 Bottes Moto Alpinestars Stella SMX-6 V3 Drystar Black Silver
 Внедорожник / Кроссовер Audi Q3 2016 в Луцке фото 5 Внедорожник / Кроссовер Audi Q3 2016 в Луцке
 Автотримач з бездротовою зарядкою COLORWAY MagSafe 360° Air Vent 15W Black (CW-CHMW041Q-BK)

= = = = = = =

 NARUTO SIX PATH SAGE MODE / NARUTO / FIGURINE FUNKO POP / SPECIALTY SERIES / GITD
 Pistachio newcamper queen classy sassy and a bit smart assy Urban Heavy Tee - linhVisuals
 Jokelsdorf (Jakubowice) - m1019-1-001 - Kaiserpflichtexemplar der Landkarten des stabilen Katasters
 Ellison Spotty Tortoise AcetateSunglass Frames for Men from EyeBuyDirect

= = = = = = =

> _What you will do_
Please go through the data above and copy each line that has the word "Black".

> _Answer to this task_
 Bottes Moto Alpinestars Stella SMX-6 V3 Drystar Black Silver
 Автотримач з бездротовою зарядкою COLORWAY MagSafe 360° Air Vent 15W Black (CW-CHMW041Q-BK)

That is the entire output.